Released in August, the survey of the housing market reported that price rises had again returned to slow growth following a brief period of acceleration, and are expected to remain modest for the rest of 2017 – for the third successive year.

After house-price growth reached 0.88% between end-2016 and March this year on the back of an improvement in wider economic performance, in the period from January to July average growth in prices was 2.2 percentage points down on last year, though with inflation taken into account, this number slips into negative territory.

A buyer’s market

For those looking to buy property, the lowering of prices could tilt the market in their favour, at least until demand rises again.

Agents are reporting a number of owners lowering their asking prices, with cuts averaging around 9.8% – the highest since 2012.

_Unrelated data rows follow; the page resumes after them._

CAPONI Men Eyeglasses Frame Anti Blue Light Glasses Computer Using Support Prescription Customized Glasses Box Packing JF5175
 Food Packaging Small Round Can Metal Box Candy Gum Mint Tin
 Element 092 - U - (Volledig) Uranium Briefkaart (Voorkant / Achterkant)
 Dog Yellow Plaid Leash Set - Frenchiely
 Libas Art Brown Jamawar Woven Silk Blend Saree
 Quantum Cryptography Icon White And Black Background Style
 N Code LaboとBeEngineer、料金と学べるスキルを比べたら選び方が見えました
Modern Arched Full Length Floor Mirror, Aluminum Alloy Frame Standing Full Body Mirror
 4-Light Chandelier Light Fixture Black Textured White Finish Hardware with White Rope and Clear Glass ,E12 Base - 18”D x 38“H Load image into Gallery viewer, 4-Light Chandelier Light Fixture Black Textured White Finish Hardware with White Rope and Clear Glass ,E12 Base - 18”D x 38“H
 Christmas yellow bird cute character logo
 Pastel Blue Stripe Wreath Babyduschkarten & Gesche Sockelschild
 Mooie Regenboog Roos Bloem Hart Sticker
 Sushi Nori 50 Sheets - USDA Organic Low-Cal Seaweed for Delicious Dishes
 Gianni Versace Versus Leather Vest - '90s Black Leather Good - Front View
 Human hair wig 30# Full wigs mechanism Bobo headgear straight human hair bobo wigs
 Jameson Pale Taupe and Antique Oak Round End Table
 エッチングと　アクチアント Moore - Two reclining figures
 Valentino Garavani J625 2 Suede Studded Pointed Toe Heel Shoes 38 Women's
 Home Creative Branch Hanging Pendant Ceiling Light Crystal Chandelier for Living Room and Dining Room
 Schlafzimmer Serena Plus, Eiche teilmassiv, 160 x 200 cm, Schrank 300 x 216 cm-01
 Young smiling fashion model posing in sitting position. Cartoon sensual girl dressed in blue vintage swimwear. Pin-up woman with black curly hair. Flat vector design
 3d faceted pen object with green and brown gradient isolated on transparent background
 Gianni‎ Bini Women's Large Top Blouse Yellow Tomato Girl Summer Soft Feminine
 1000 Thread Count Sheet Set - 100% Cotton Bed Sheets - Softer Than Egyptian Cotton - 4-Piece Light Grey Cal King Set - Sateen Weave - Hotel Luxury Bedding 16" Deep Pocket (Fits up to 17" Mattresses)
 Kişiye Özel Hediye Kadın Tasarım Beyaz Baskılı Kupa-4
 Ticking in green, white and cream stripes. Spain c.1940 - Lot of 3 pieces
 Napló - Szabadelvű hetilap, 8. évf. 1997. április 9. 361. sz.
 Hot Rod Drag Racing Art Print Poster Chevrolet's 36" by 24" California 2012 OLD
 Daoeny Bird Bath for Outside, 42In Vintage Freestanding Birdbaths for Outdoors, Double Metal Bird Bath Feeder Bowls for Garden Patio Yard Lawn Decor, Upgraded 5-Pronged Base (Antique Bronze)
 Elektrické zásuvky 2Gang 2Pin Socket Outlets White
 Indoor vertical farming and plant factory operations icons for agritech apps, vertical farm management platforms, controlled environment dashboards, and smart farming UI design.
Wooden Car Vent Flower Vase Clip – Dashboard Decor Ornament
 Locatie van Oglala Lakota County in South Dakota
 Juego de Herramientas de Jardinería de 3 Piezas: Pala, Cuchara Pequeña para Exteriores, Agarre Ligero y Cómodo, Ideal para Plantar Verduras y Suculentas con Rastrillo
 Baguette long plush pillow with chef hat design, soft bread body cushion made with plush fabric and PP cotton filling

According to the FNB report, the duration a listed property remains on the market before being sold is getting longer, with the average period increasing from 12 weeks in 2014 to 15-16 weeks in early 2016.                                                  

Real prices could decline even further in the near term as sellers come to accept changing conditions in the market.

Demand rises for apartments and townhouses

With the economic downturn making it more challenging for prospective house buyers to obtain loans, bank lending rates were cut in July to 10.25%, down from 10.50%, to spur continued home purchases. However, the current climate – plus increasing urbanisation – has already contributed to a growing trend towards apartments and away from freestanding houses, according to data issued by Statistics South Africa (Statistics SA) in late September.

For every 100 houses given planning approval in 2013, there were 26 apartments signed off on by municipal authorities. By 2016 this ratio had risen to 100:59, indicating a more than doubling of the demand for flats over a three-year period.

There was a more modest rise in appetite for townhouses against houses, with the ratio rising from 100:25 in 2013, to 33 for every 100 freestanding dwellings approved last year.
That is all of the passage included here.